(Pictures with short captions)
----------------

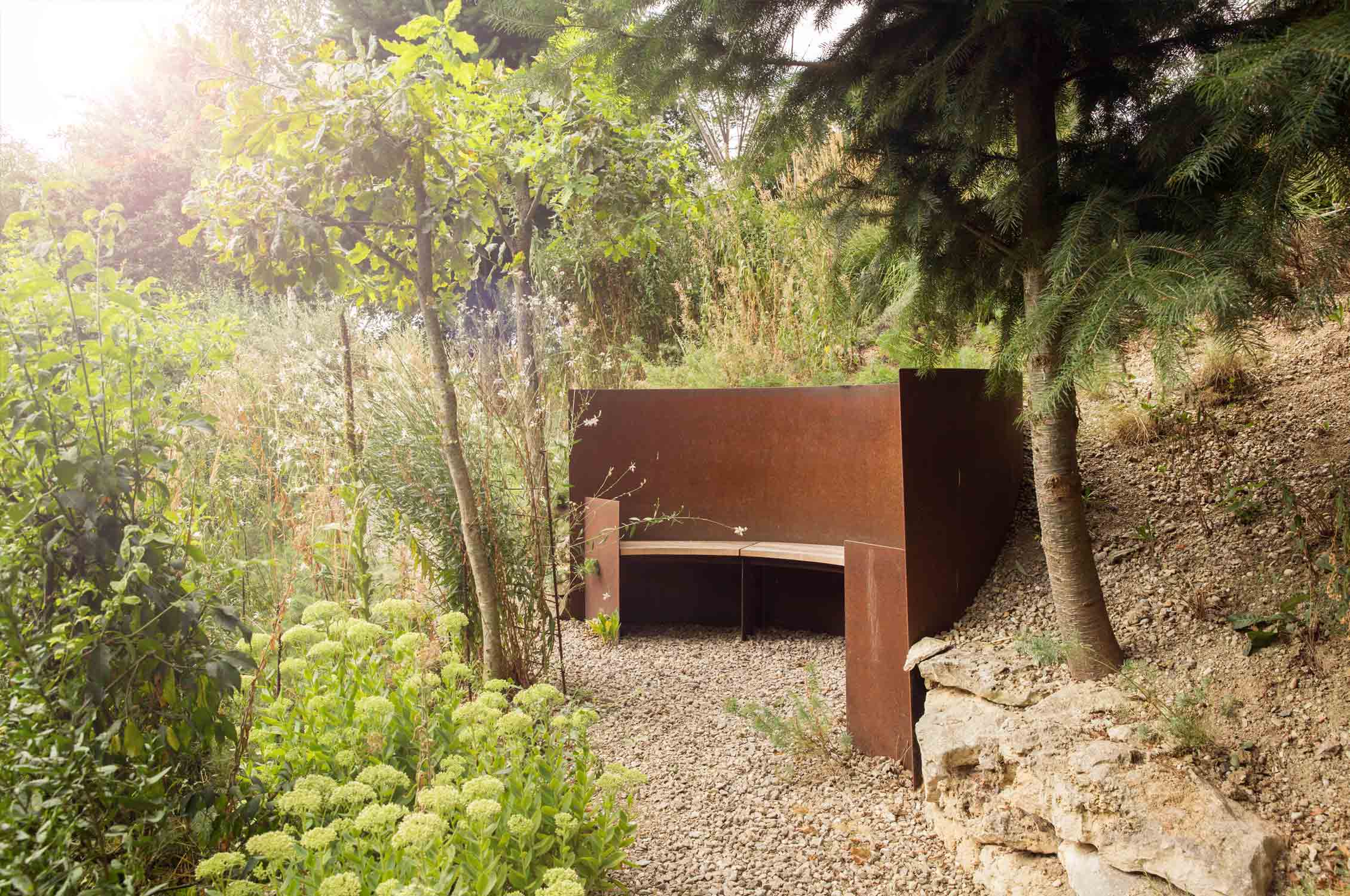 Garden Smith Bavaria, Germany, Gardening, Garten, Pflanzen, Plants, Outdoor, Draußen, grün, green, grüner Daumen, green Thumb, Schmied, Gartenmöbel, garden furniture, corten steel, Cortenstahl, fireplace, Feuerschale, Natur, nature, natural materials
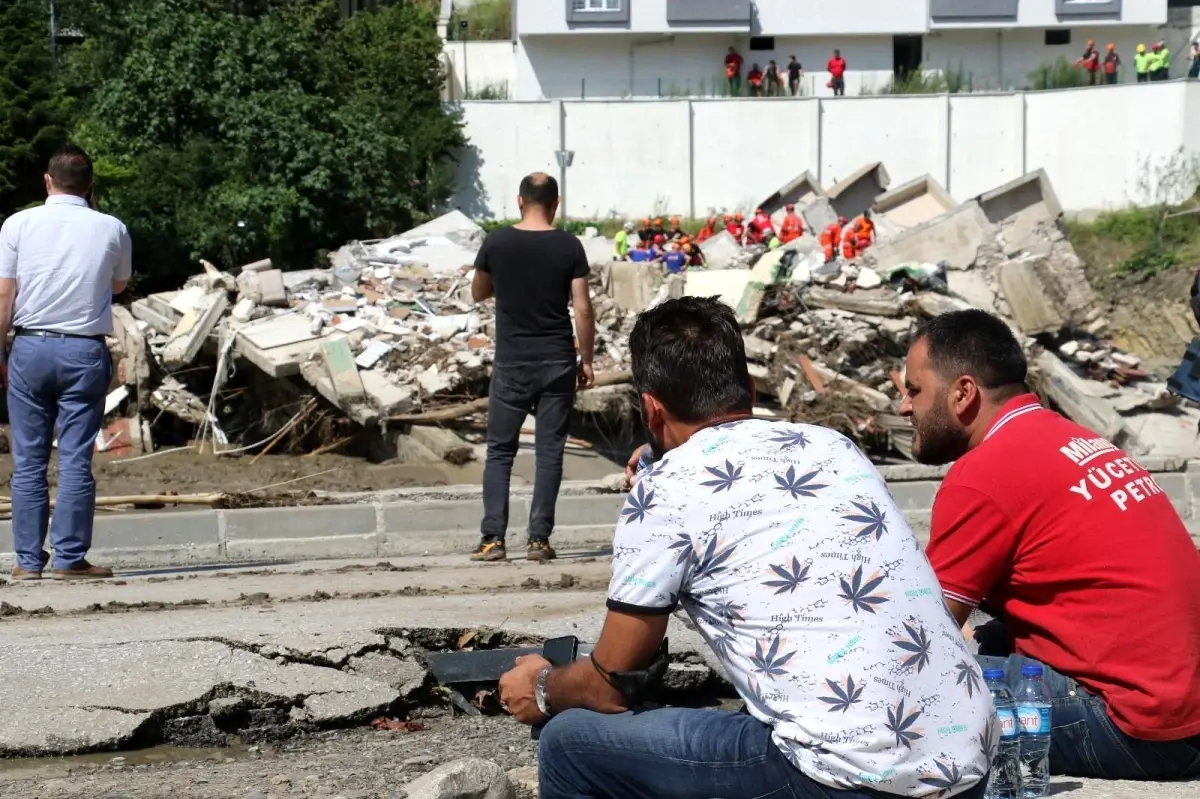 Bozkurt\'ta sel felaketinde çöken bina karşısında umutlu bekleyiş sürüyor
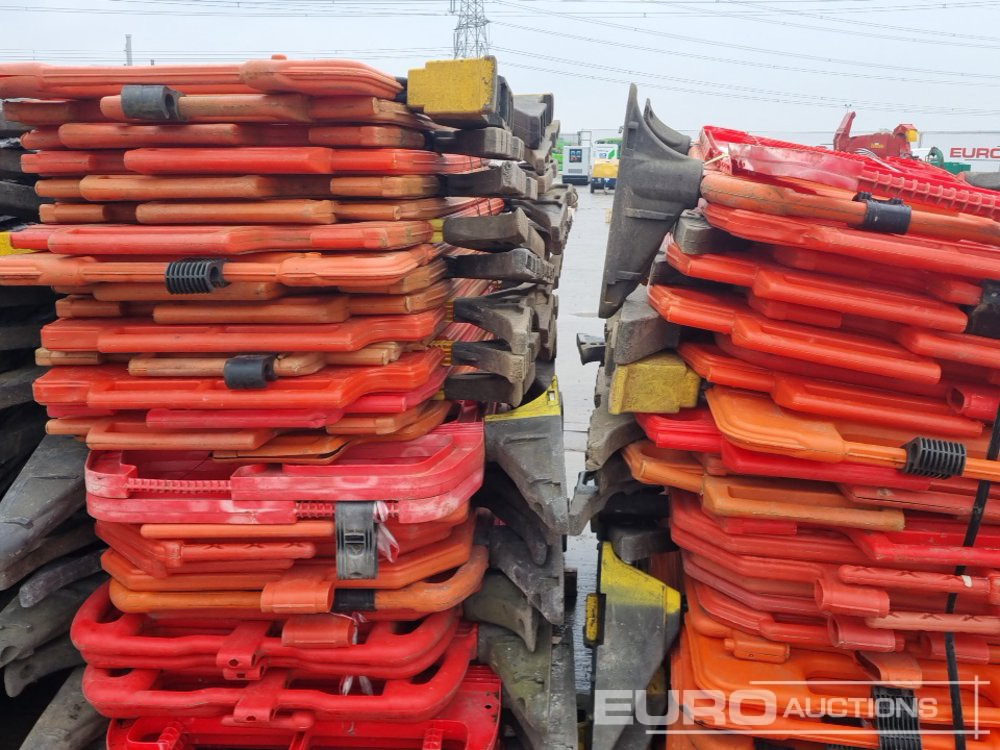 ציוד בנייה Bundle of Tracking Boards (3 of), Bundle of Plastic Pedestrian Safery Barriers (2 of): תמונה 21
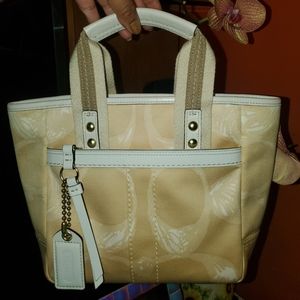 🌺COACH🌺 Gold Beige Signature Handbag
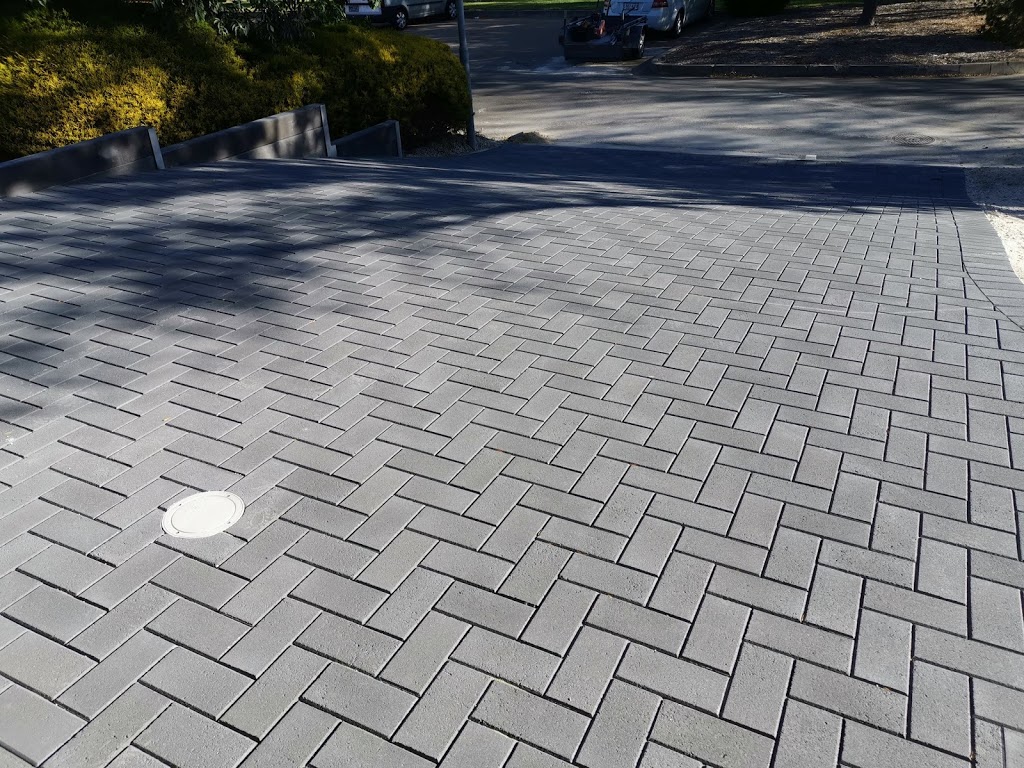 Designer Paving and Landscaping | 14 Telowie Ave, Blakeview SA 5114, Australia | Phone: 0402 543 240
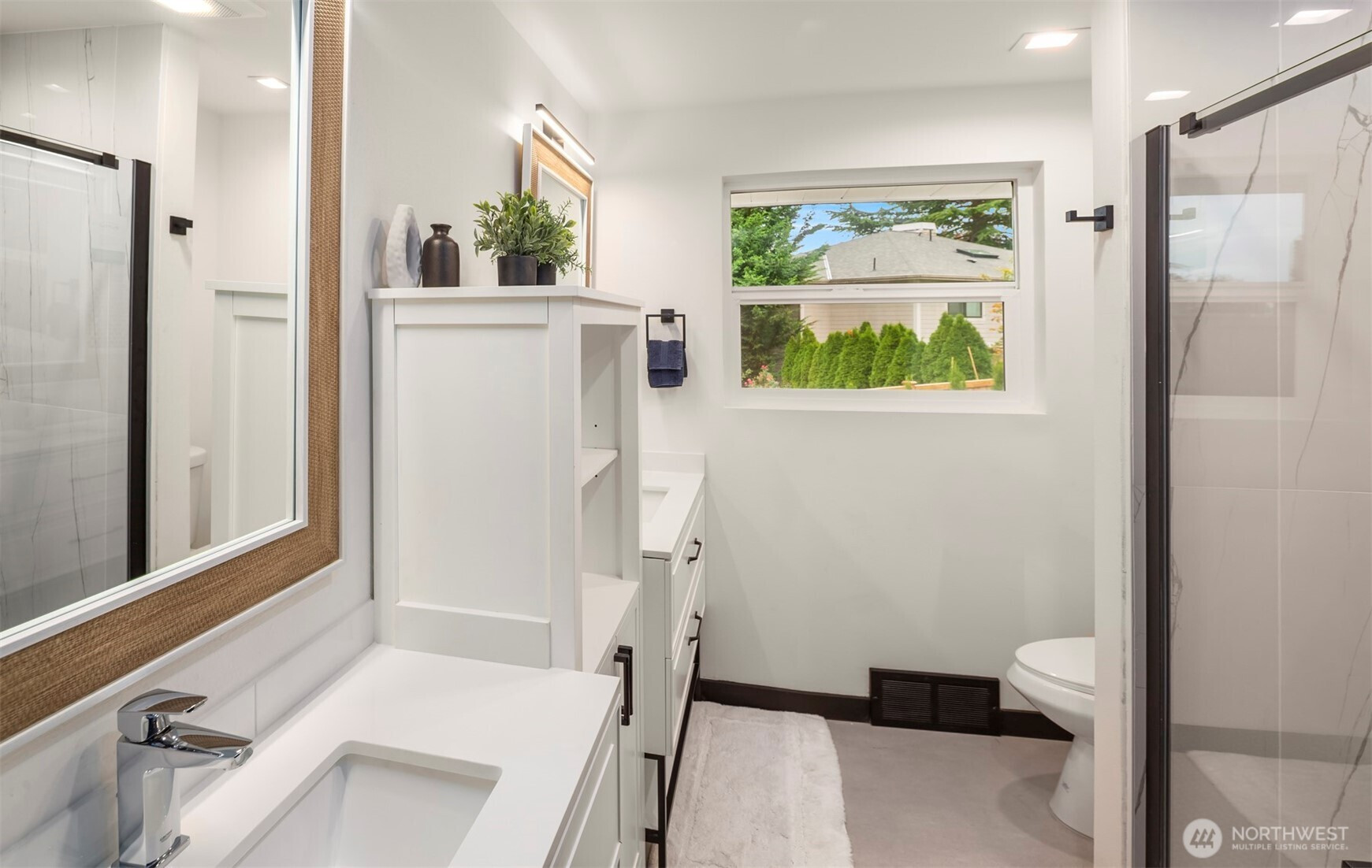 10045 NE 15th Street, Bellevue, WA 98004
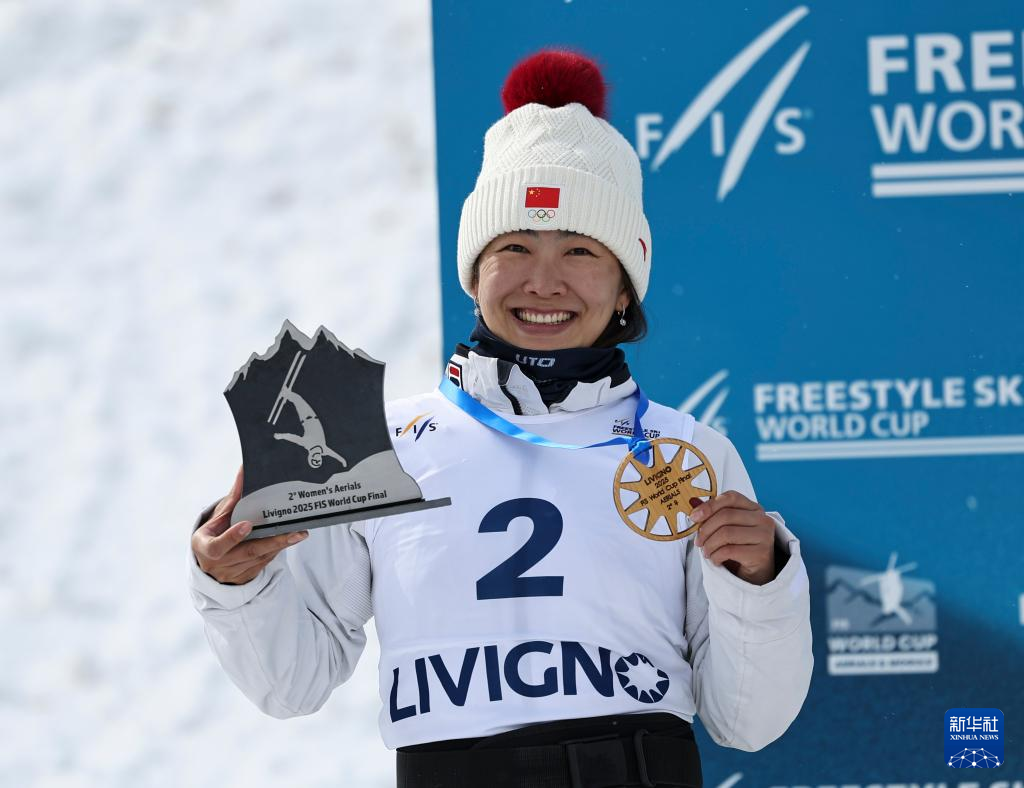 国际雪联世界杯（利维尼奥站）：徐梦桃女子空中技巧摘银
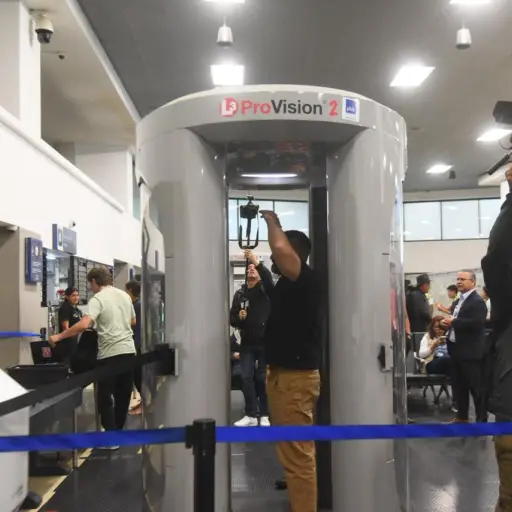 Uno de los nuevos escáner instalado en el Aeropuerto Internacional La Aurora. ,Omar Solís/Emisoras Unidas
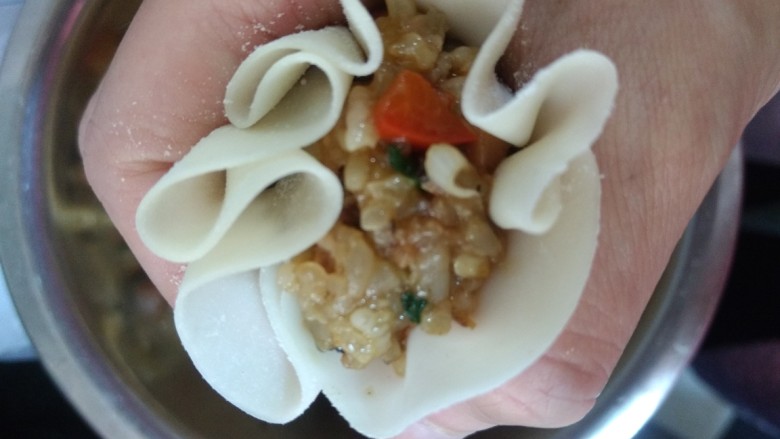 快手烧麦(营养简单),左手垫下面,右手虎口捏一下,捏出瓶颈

----------------

_Task item_
What is needed is an exact copy of the lines from the one containing "国际雪联世界杯（利维尼奥站）：徐梦桃女子空中技巧摘银" through the last line of the records, with every picture left out.

_Task output_
 国际雪联世界杯（利维尼奥站）：徐梦桃女子空中技巧摘银
 Uno de los nuevos escáner instalado en el Aeropuerto Internacional La Aurora. ,Omar Solís/Emisoras Unidas
 快手烧麦(营养简单),左手垫下面,右手虎口捏一下,捏出瓶颈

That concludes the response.